Reified postmodernism’s demand to “make real” the indigenous residential school “survivor” identity taps into the third form of neotribal rentierism – compensation for past wrongs. This is because genocide is the most significant crime that can be perpetrated by a state, and therefore the acceptance of its existence means that more compensation can be extracted for redress. The increasing acceptance of the accusation of genocide, in fact, has jump-started a case by lawyers to take Canada to the International Criminal Court for “crimes against humanity”, as well as the Assembly of First Nations’ demands for reparations. It also has meant that hundreds of millions of dollars are now being allocated to academics and consultants to locate and commemorate the unmarked graves. Furthermore, another multi-million round of soul searching – following from the Royal Commission on Aboriginal Peoples, the Truth and Reconciliation Commission, and the Murdered and Missing Indigenous Women and Girls Inquiry – is being proposed. Pressure for these rent-seeking initiatives would be diminished if the claims about the unmarked graves were critically analyzed.

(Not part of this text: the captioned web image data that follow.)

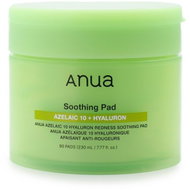 ANUA Azelaic 10 Hyaluron Redness Soothing Pad 90 pcs (230 ml) - Facial Pads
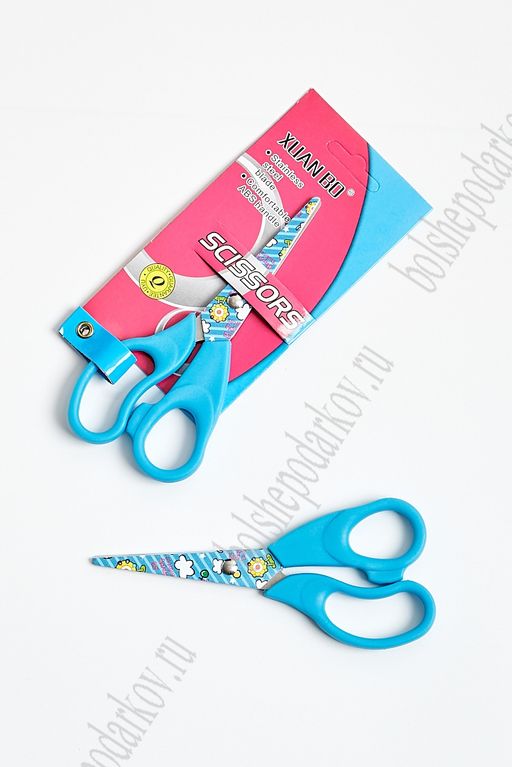 Ножницы детские Scissors 13,5 см (SF-3258)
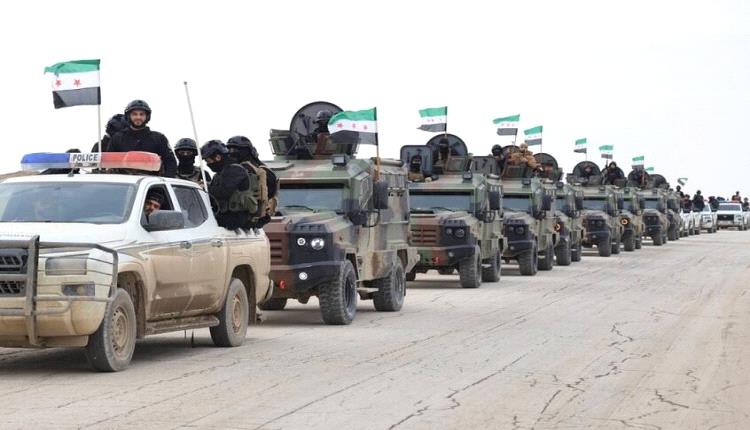 السعودية وتركيا تؤكدان دعمهما لسيادة سوريا وتطالبان بانسحاب إسرائ..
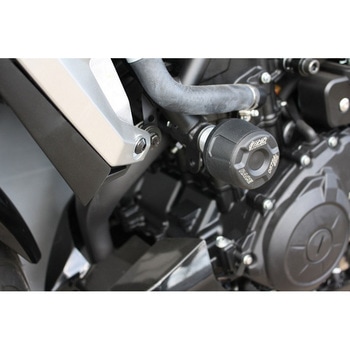 クラッシュパッドセット Yamaha MT-03 (2016-2019) ネジ止め GSG Mototechnik (GSGモトテクニック)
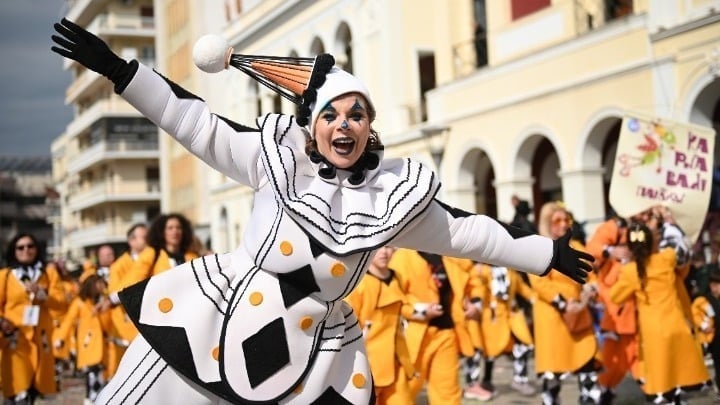 Greece’s Patras Ignites Carnival 2026 with “Get Off the Screen” Theme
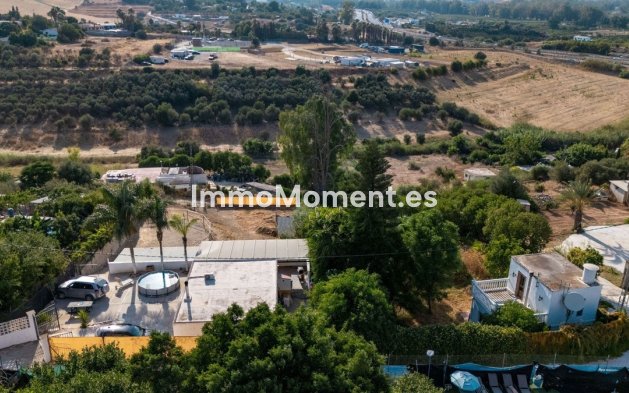 Revente - Maison de campagne - Intérieur                       - Cártama Centro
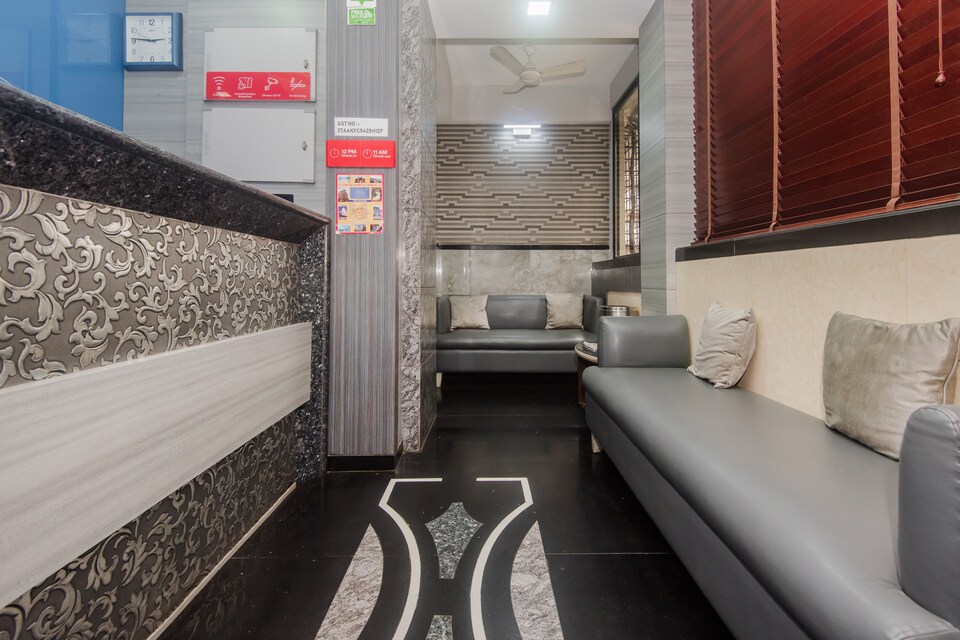 OYO 1318 City Guest House, Mumbai Dadar-Worli-Parel, Mumbai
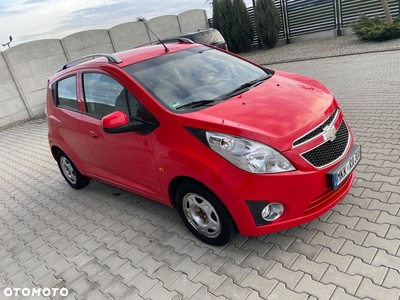 Chevrolet Spark 1.2 LS+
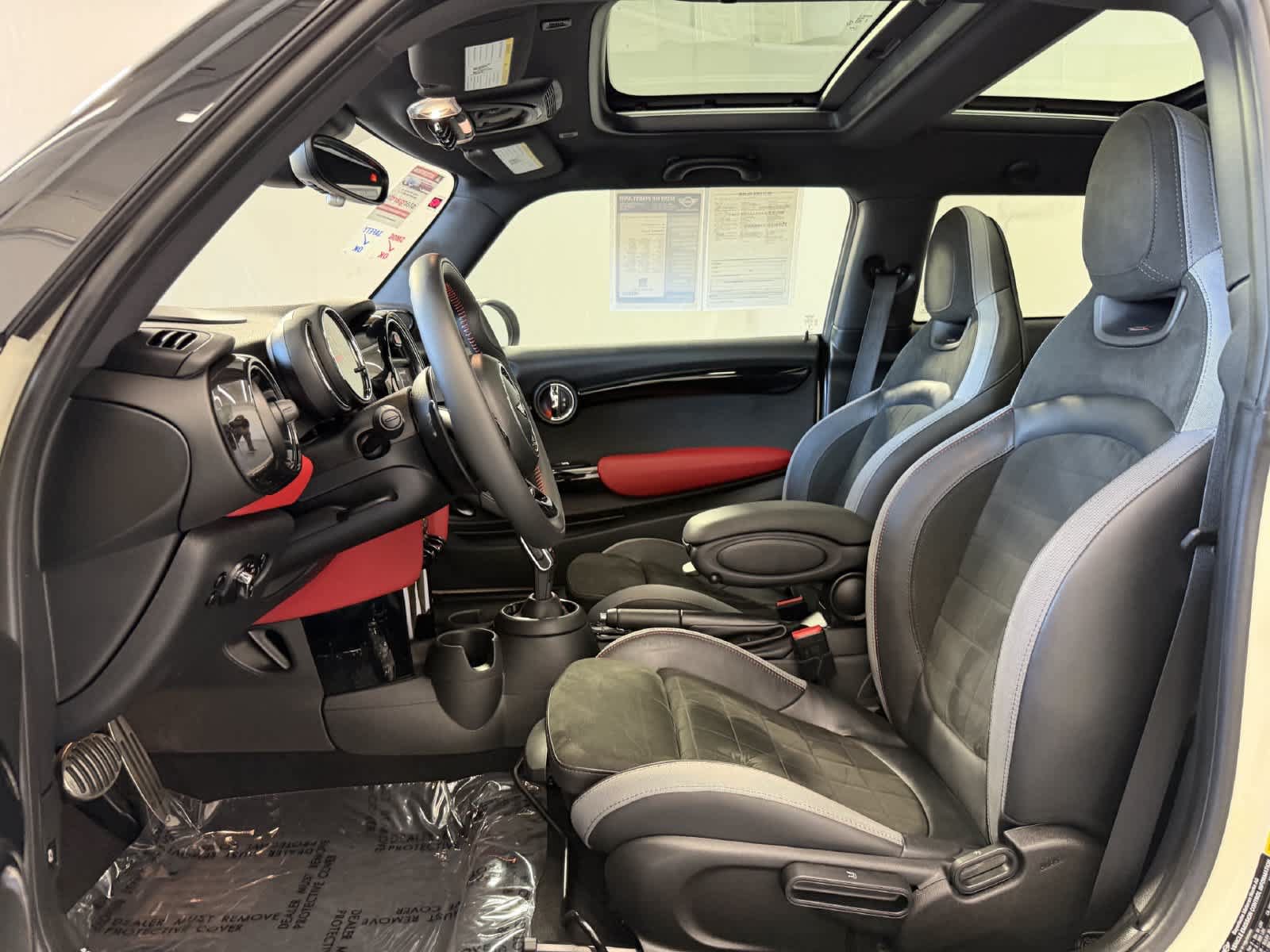 Used 2020 MINI Cooper John Cooper Works FWD image 11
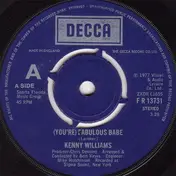 Ken Williams - (You're) Fabulous Babe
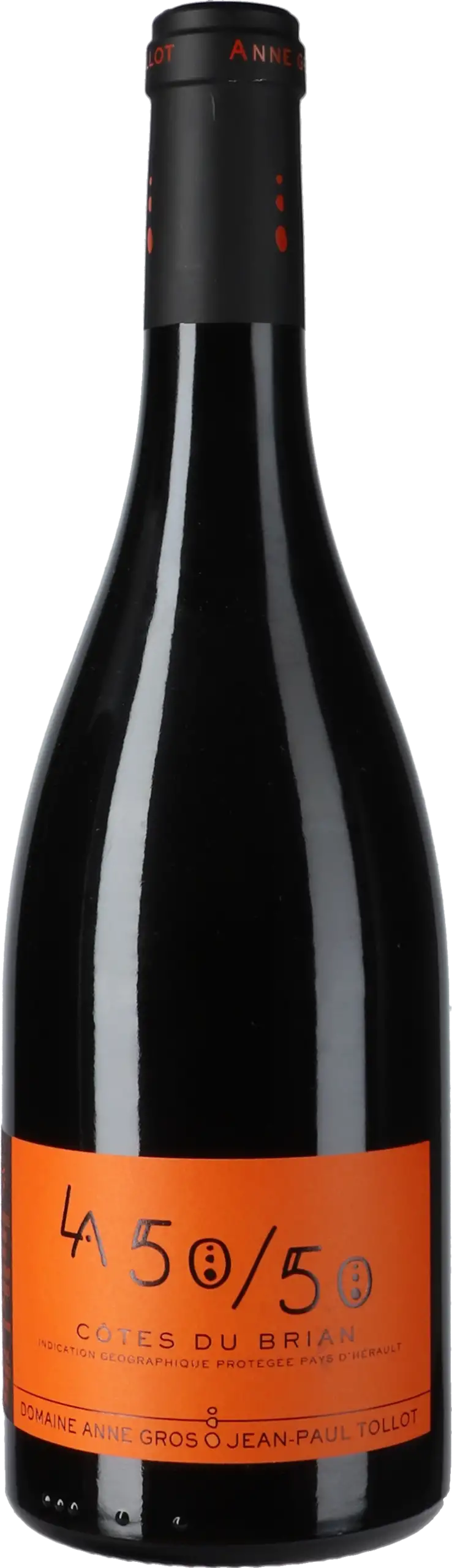 Anne Gros & Jean-Paul Tollot: Minervois La 50/50 2023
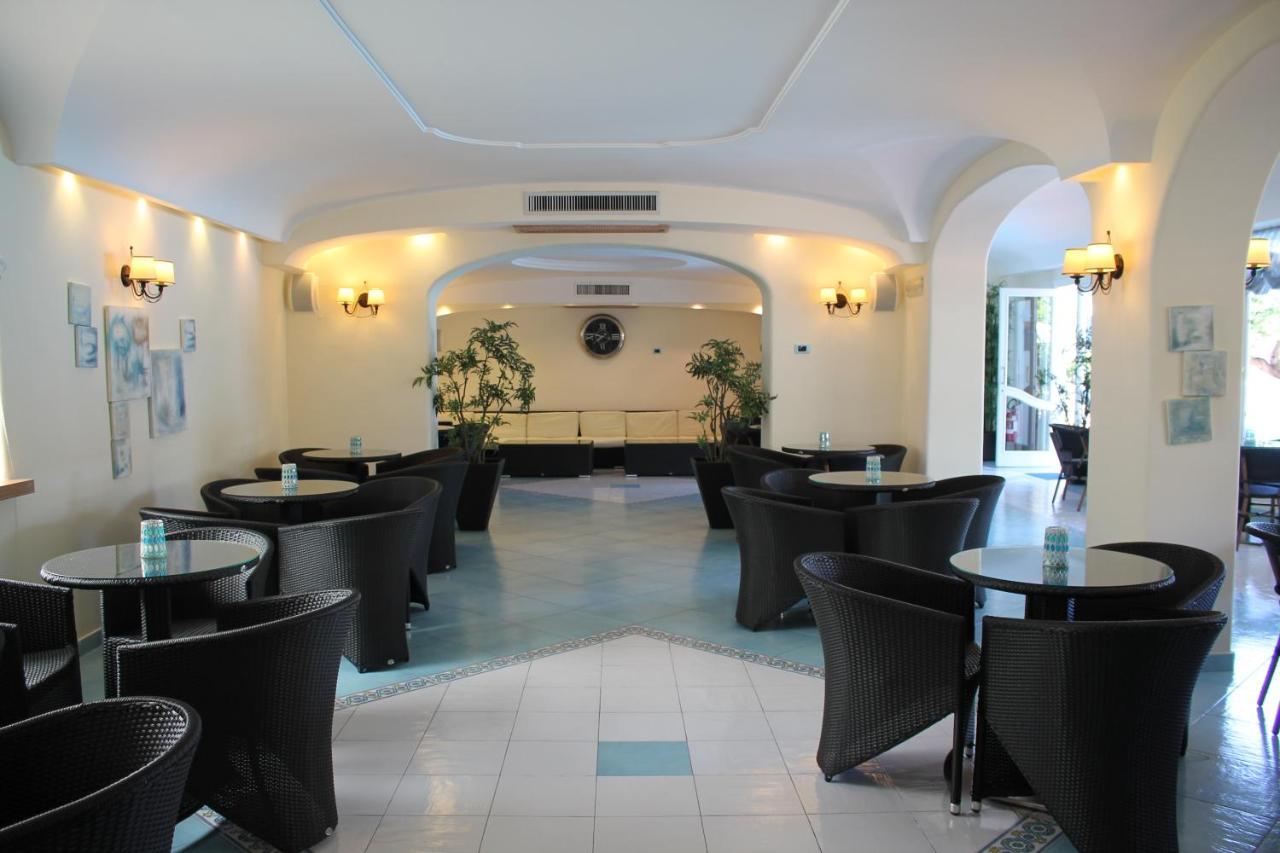 Hotel Terme Park Imperial Forio (Isola d'Ischia) Exterior foto
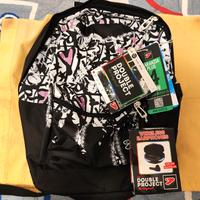 Zaino Seven Reversibile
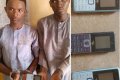 Police Arrest Two Men Who Kidnapped And Killed 6-year-old Boy While Demanding N10M Ransom From His Father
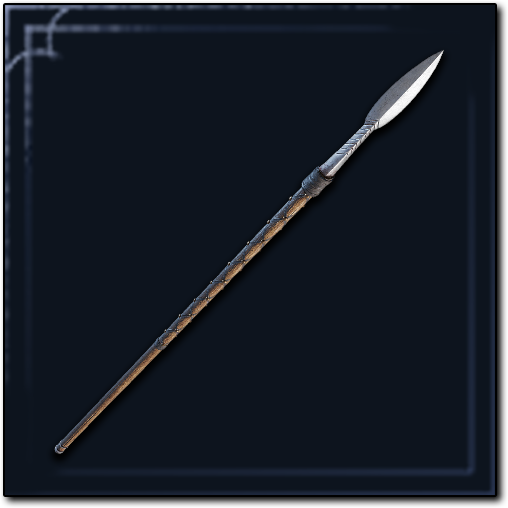 Short Spear Icon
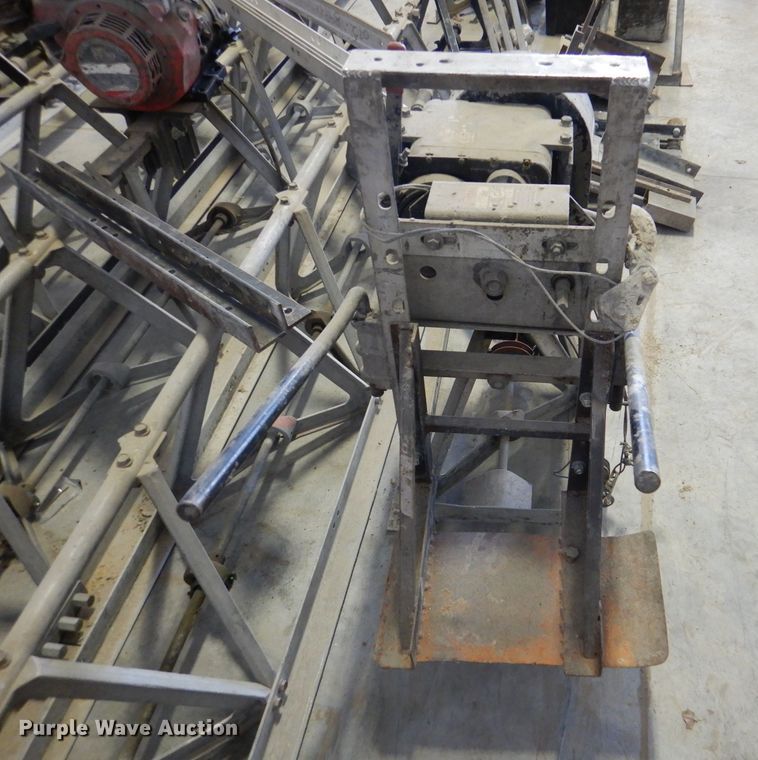 image for item DL2965 MBW screed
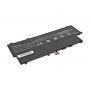 Samsung NP530U3C-A05 baterii 5800 mAh (43 Wh), 4 articole Li-polymer 7.4V (7.6V)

While the censoriousness that surrounds the discussions of the unmarked graves is destructive for academic freedom and open inquiry, a more disturbing consequence is that it prevents a complete understanding of indigenous circumstances from emerging. Because of the accusations of “genocide” that have emerged with the “discovery” of the unmarked graves, the actual problems facing marginalized indigenous peoples are not being addressed. We are, once again, heading down a path where funds will be dispersed to alleviate problems that are not caused by a lack of money. Much indigenous deprivation is due to being economically isolated and receiving substandard educational services. Portraying the residential schools as “genocidal” continues to disguise the serious educational challenges that face any state trying to incorporate pre-literate and animistic tribal cultures into a modern economy and society.